The debate over what should have been done to save Indonesia continues to swirl today. But here’s the punch line: The IMF eventually did take measures (albeit limited ones) to address the private debt problem, and it also took a couple of other steps that it had been resisting, the most important being to reach agreement on a full guarantee of bank deposits to stem runs by depositors. The problem was, these corrective moves came after the failure of the January 15 program, and at that point, confidence in the country’s economy had been dealt a blow from which it would never recover. It must be added that Suharto made a bad situation worse; about a week after January 15, the Indonesian leader began dropping hints that he would choose B. J. Habibie, his technology minister, as his next vice president and presumed successor. That sent a strong signal Suharto was turning away from his reform pledges, since Habibie was a well-known economic nationalist whose government-backed project to build an aircraft had been among those targeted by the Fund.
Perhaps the most overdue measure, a comprehensive
Indonesian government guarantee on bank deposits (set for a minimum of two years), was announced on January 27, 1998. The moral-hazard zealots at the Fund had been fighting this proposal since late 1997, but by this stage, the bank runs were so ruinous as to leave little room for debate. Later in the spring, the IMF would work out a plan that enabled Indonesian banks to reschedule their interbank loans from foreign banks, as the Korean banks had done.
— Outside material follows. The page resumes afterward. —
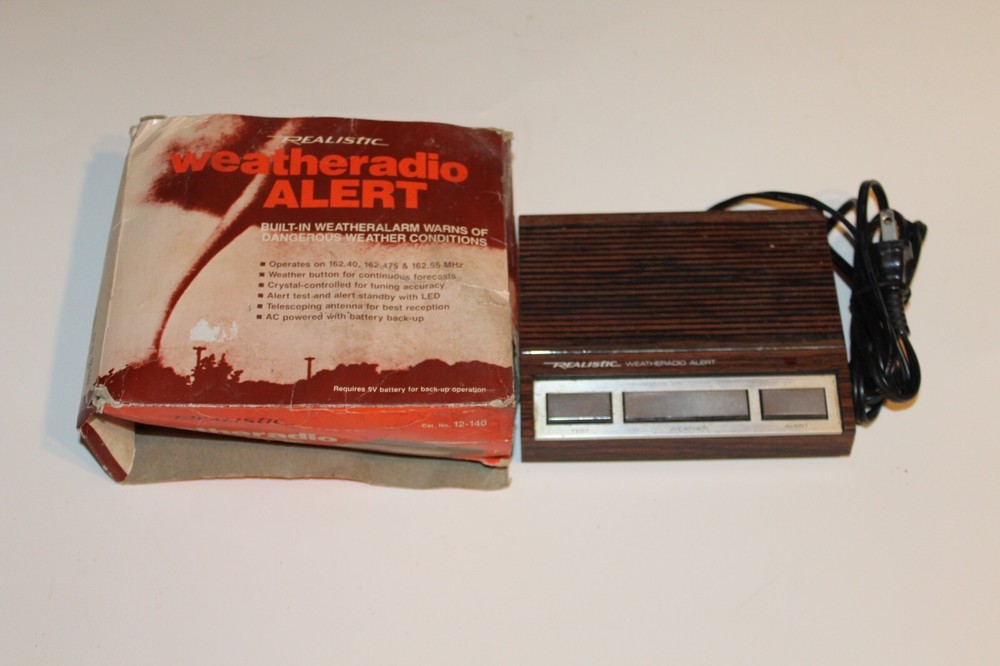 Realistic Model 12-140 Weatheradio Weather Alert Radio Vintage Faux Wood Grain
And at the same time as the deposit guarantee was initiated, the Fund agreed with the Indonesians to start a process aimed at rescheduling corporations’ foreign debts. (The corporate debt plan was by no means a miracle cure; in keeping with the concerns of U.S. officials and others, it was devoid of any government subsidy that would make it very attractive for Indonesian companies and their creditors to participate.)
It is instructive to spin a small fantasy about how the Indonesian crisis might have worked out differently. Imagine what might have happened if the comprehensive deposit guarantee had been issued in, say, mid-November 1997, so that the bank runs would have been contained and Bank Indonesia would not have felt obliged to flood the banking system with cash. Suppose, too, that a plan for rescheduling the interbank debt of Indonesian banks had been implemented earlier in the crisis, along with something resembling the limited corporate debt scheme that was eventually adopted. Finally, suppose the IMF had insisted on fewer structural reform conditions in its Indonesia program.
Would the rupiah still have crashed? If it hadn’t, would Suharto have manifested greater fidelity to the structural reforms—or would he have reneged on his promises anyway? Would a virtuous cycle have taken hold, or would a vicious one have continued?
The virtuous-cycle fantasy may be Just that—a fantasy. Once the rupiah started to slide in earnest in late 1997, Indonesia’s economy may have been doomed, simply because fears of social and political unrest became so intense and so self-fulfilling. The wealthy ethnic Chinese who supported Suharto’s regime, and benefited from it, may have been impossible to restrain from moving their money overseas, because they were so spooked by concerns about the president’s mortality—his political mortality as well as his physical mortality.